The homes in question cannot be worth more than £600,000, but that is the only major limiting factor with a Help to Buy deal.
Under the Help to Buy equity loan (new builds only), the government will lend up to 20% of the total cost of the property, meaning only a 5% cash deposit and a 75% mortgage are required.
In addition, homeowners won’t be charged loan fees on the 20% for the first five years that they own the property.
Under the Help to Buy mortgage guarantee (on existing properties), the government offers lenders the option to purchase a guarantee on mortgage loans.
This gives banks the ability to offer 95% LTV mortgages, meaning would-be buyers take out a 95% mortgage and put down a 5% deposit.
The scheme began in March 2013 and is designed to offer first time buyers access to the market – although this does mean that you won’t be able to own another property if considering this option.
Just owning part of a property is a great way to find a house without the need to save for a hefty deposit and secure a large mortgage.

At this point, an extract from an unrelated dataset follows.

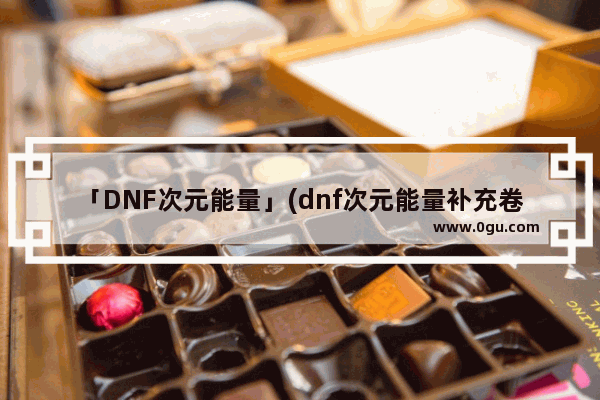 「DNF次元能量」(dnf次元能量补充卷轴哪里买)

Shared ownership is where you’ll purchase part of a property – usually in the region of 25% to 75% – and then pay rent to the Housing Association/developer on the part you don’t own.
You are limited to certain locations with schemes like this and priority may also be given to key workers or those already living/working in the area around the development.

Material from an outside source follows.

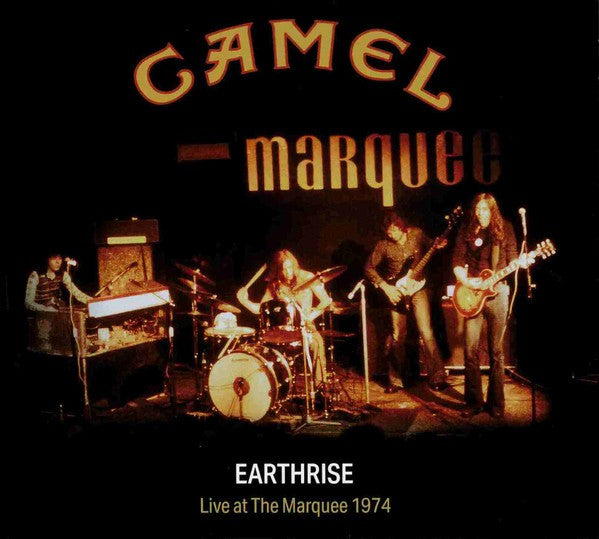 Camel – Earthrise - Live At The Marquee 1974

It may also take you some time to purchase the remaining equity on the property, and own it outright.
You will also have to factor in what could be a significant service charge on top of your rent and mortgage costs.
These schemes represent an accessible and affordable way to get on to the property ladder and are well worth some consideration.
Joining with friends
More heads are usually better than one, and when looking to get on the housing market this analogy certainly applies.

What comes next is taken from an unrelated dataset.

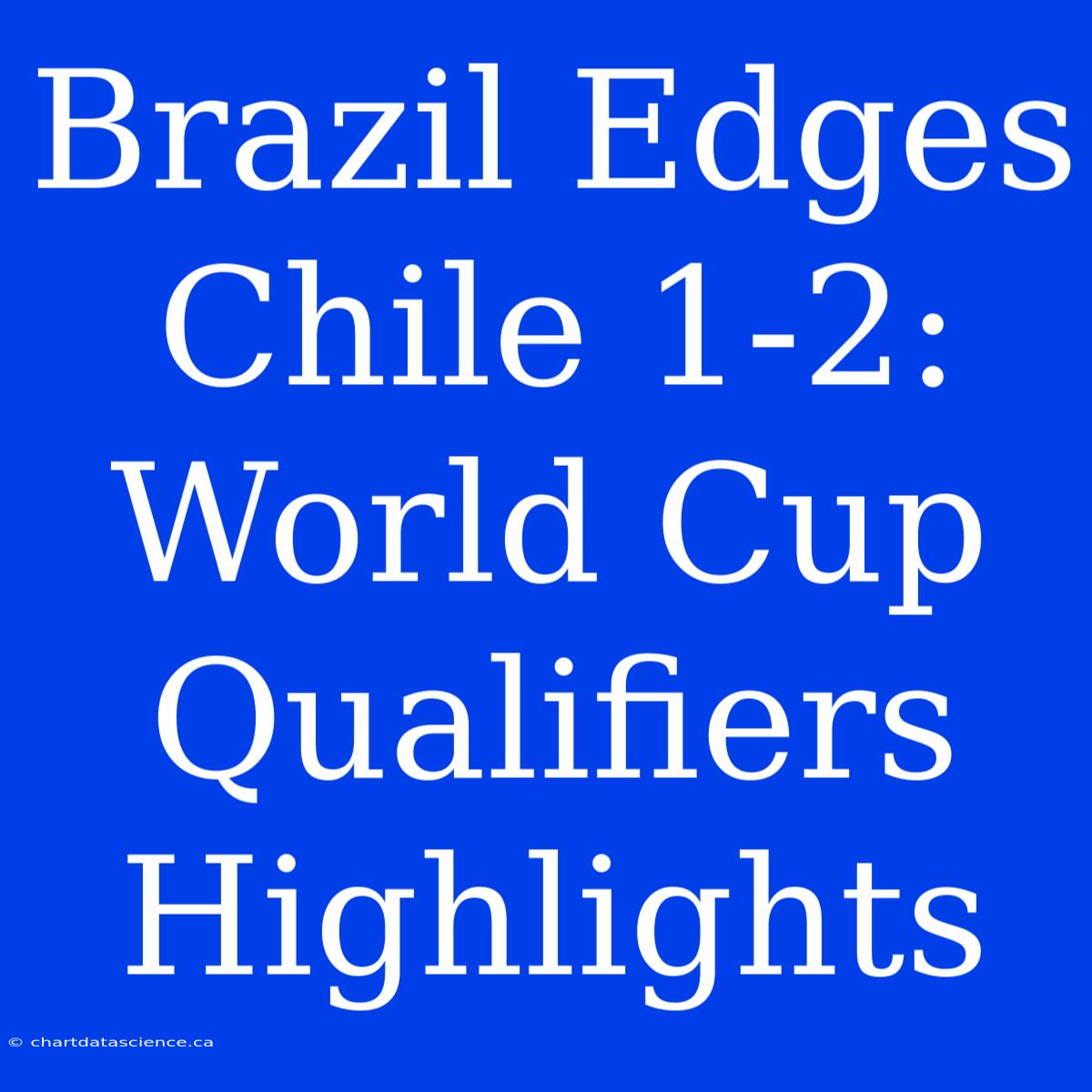 Brazil Edges Chile 1-2: World Cup Qualifiers Highlights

Sharing the financial commitment means that sealing deals with lenders will often be more straightforward while it’s likely that a smaller deposit will also be required.
This does require a great deal of trust in whoever you choose to go into partnership with and represents a huge financial commitment.
Defining responsibility on the deeds is also important –holding a mortgage in joint names means equal responsibility, for example.
Decisions will also be needed on how bills and fees will be split between parties, but for those looking to get started for less, sharing is definitely an option.
If someone else is willing to shoulder the risks then opting for a guarantor mortgage could be an option.
Some first time buyer mortgages will allow another individual to act as a guarantor, basically meaning that they’ll cover any money owed in any instances when repayments are overdue.
The guarantor will often need some sort of collateral – often their own property – before they will be considered for such an arrangement.
With the extra guarantees that such a deal usually offers, it can mean that a mortgage can be offered for a smaller amount, giving you access to the property market for less.
However, the guarantor must be aware of the risks involved, as unexpected circumstances could quickly see them needing to stump up cash.
Consider a small property to start with
When looking to get started in might be better to look for a property that is smaller than what you actually need.
Size isn’t necessarily everything in the early days, so spending less on a smaller property could be a good way to start saving up funds for a deposit on another property.
This isn’t to say that the small house will be your living space forever but it might help to get you on the market in the first instance.
That way, larger investments can be considered further down the line when finances or the property market might not be such an issue.